§ EXERCISE GOAL
Transcribe exactly the line with "Poszukiwacze smaków" and each line that follows it in the listing, down to the last, omitting all pictures.

§ MATERIAL SUPPLIED

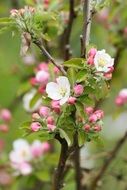 beautiful flowering bush in spring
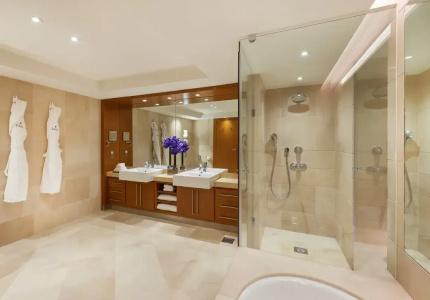 Park Plaza London Riverbank - 77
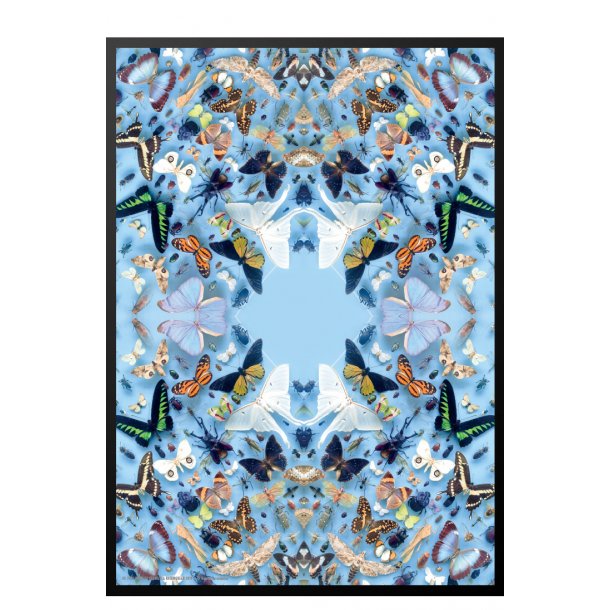 Flere sommerfugle, Helene Toresdotter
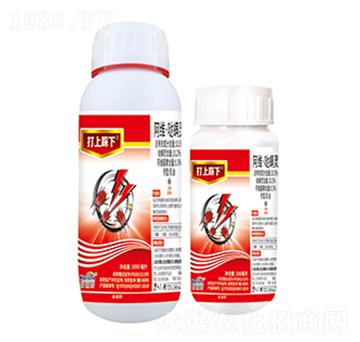 10.5%���S���}���`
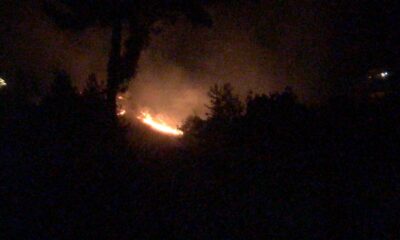 Kahramanmaraş’ta orman yangını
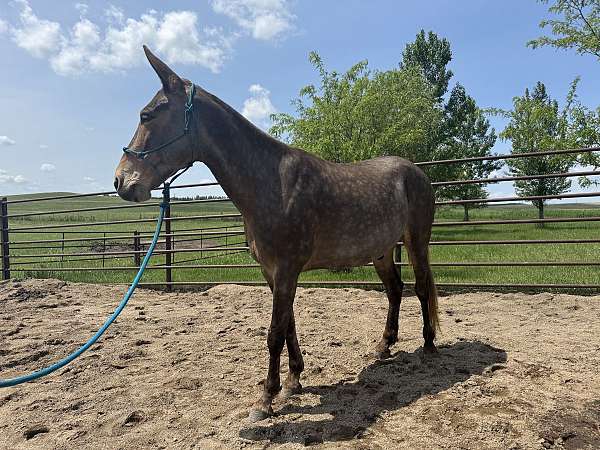 gaited-mule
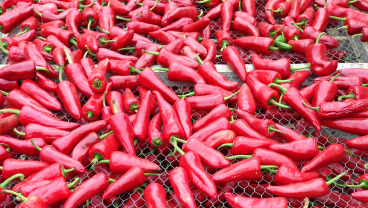 Poszukiwacze smaków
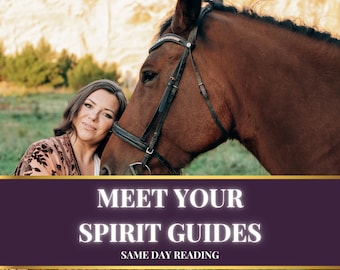 Psychic Reading • Meet Your Spirit Guides Reading • Spiritual Reading • Spirit Messages • Channeled Reading • Fast Tarot Reading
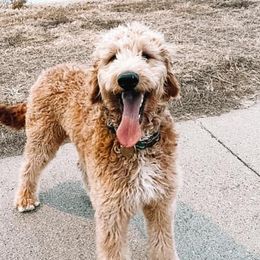Goldendoodles from Nebraska Doodle Crew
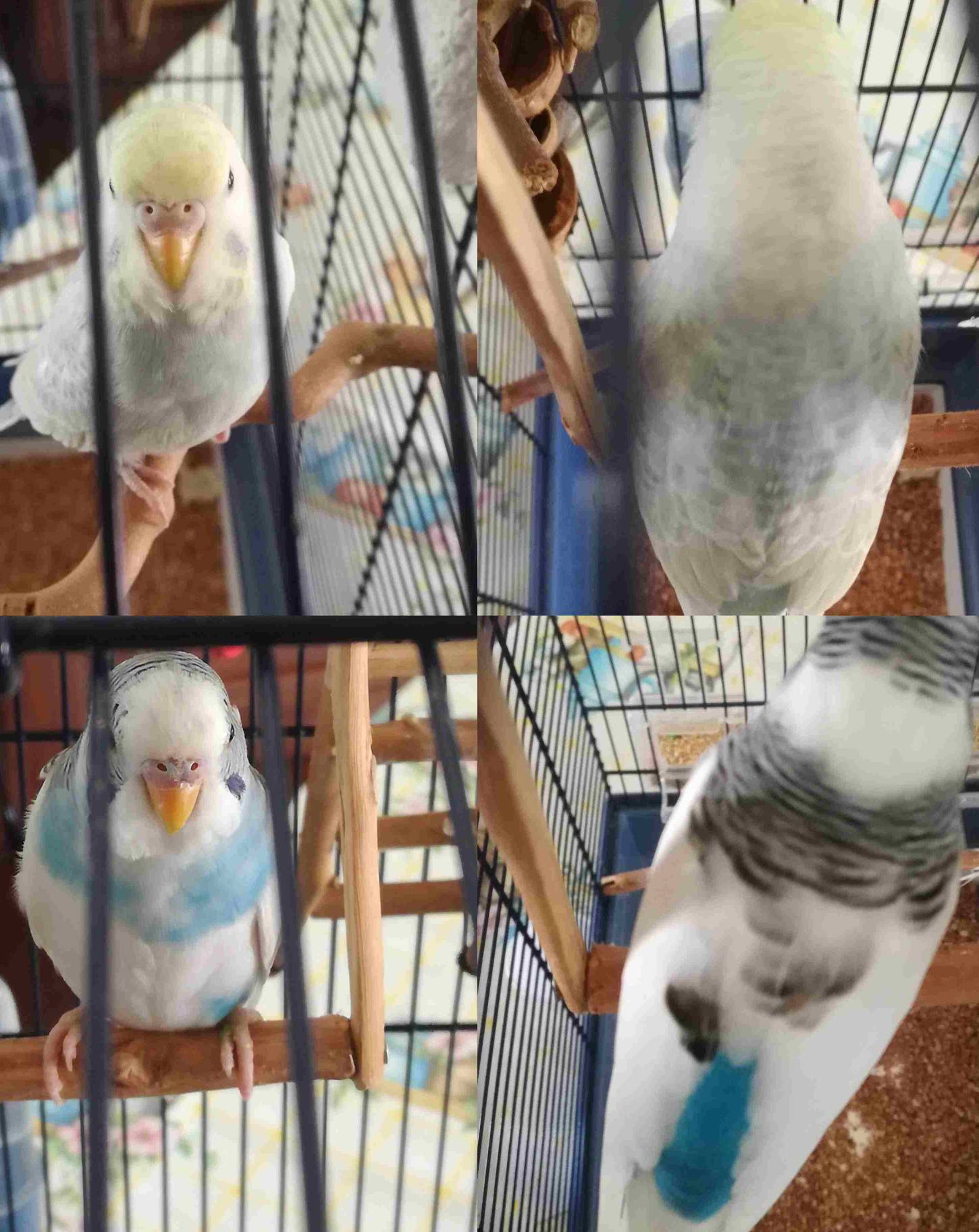 Sesso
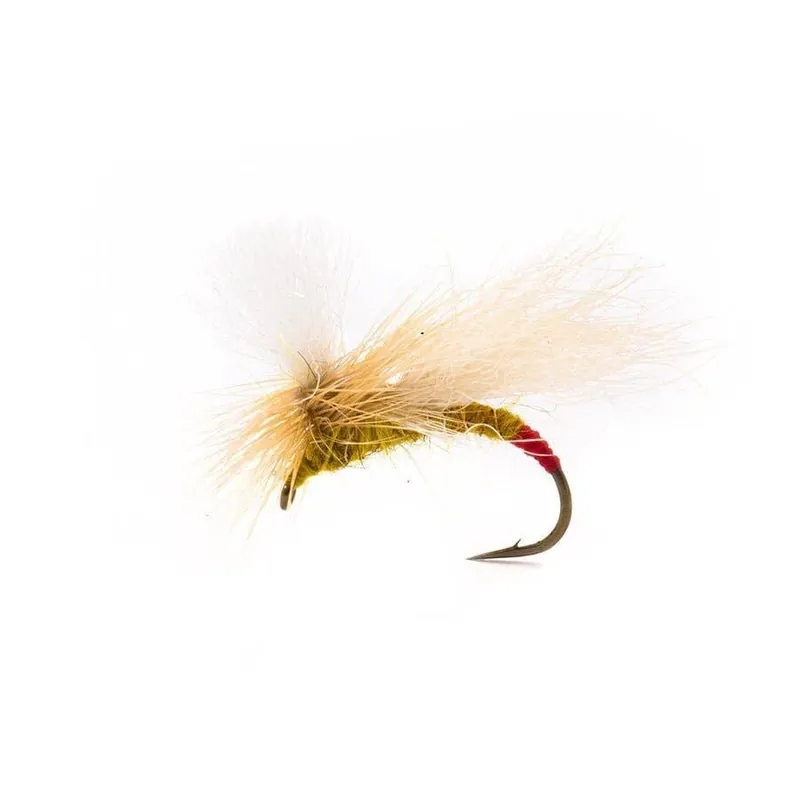 Yellow Sally Snowshoe Fly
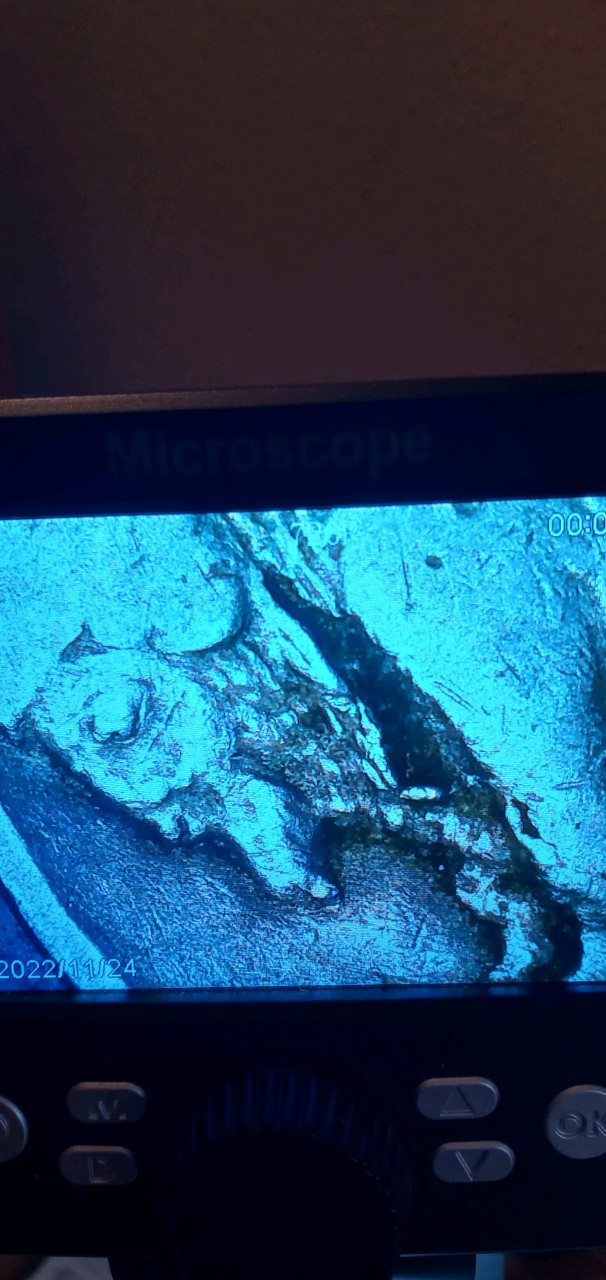 20221124_161929_HDR.jpg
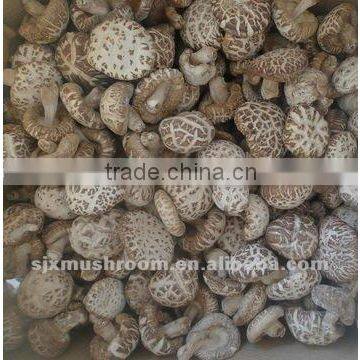 New promotion flower mushroom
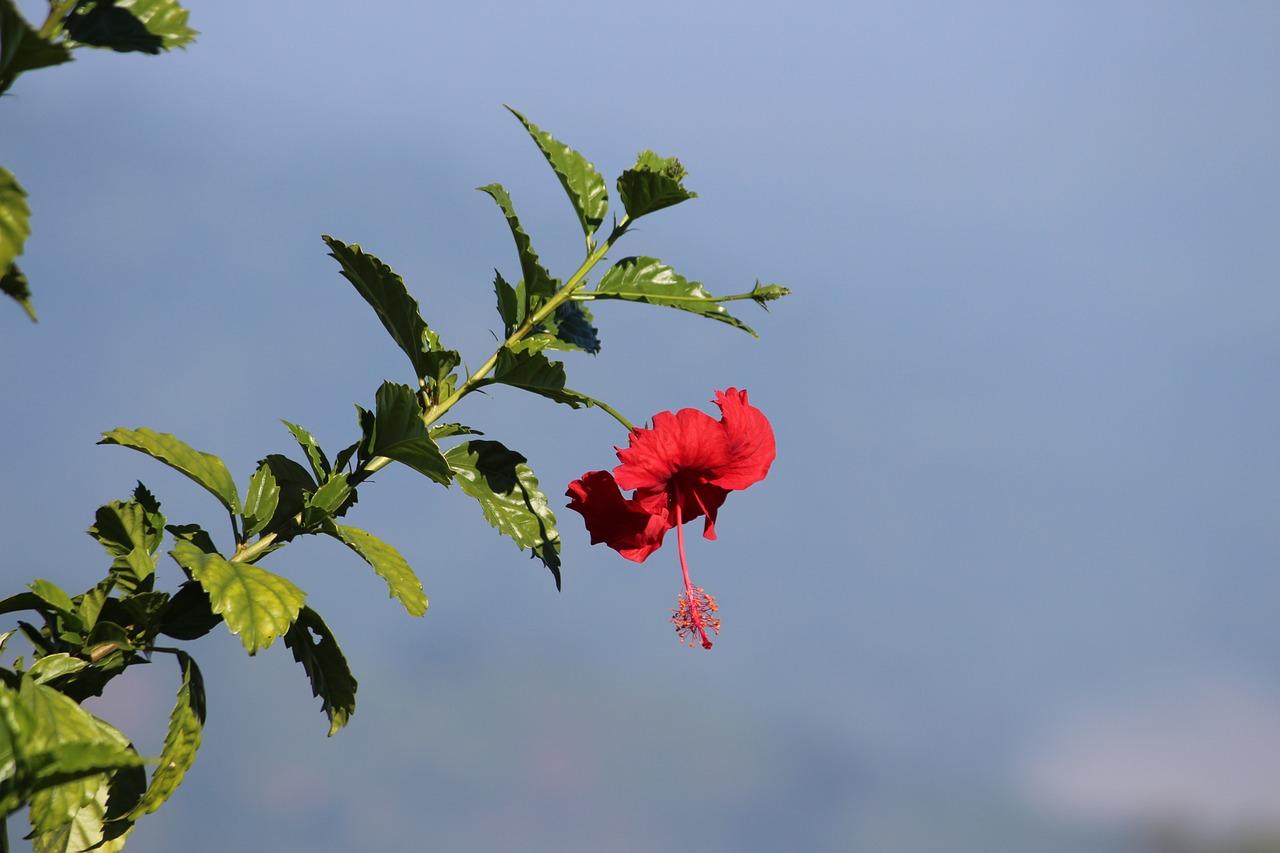 Image - flower green frame natural design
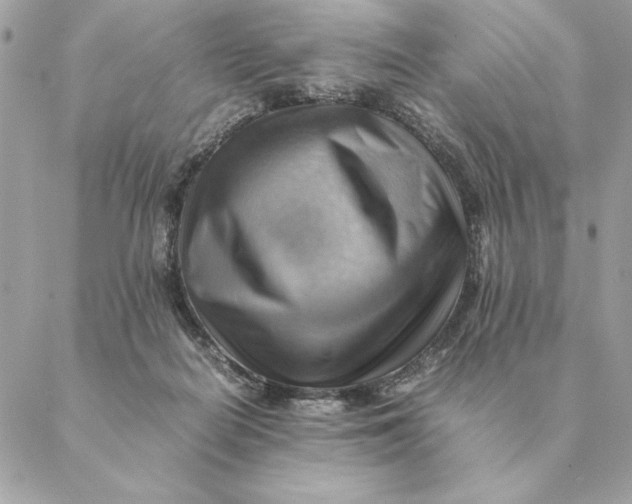 X0000088600266200706151809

§ REPLY TO THE TASK
 Poszukiwacze smaków
 Psychic Reading • Meet Your Spirit Guides Reading • Spiritual Reading • Spirit Messages • Channeled Reading • Fast Tarot Reading
Goldendoodles from Nebraska Doodle Crew
 Sesso
 Yellow Sally Snowshoe Fly
 20221124_161929_HDR.jpg
 New promotion flower mushroom
 Image - flower green frame natural design
 X0000088600266200706151809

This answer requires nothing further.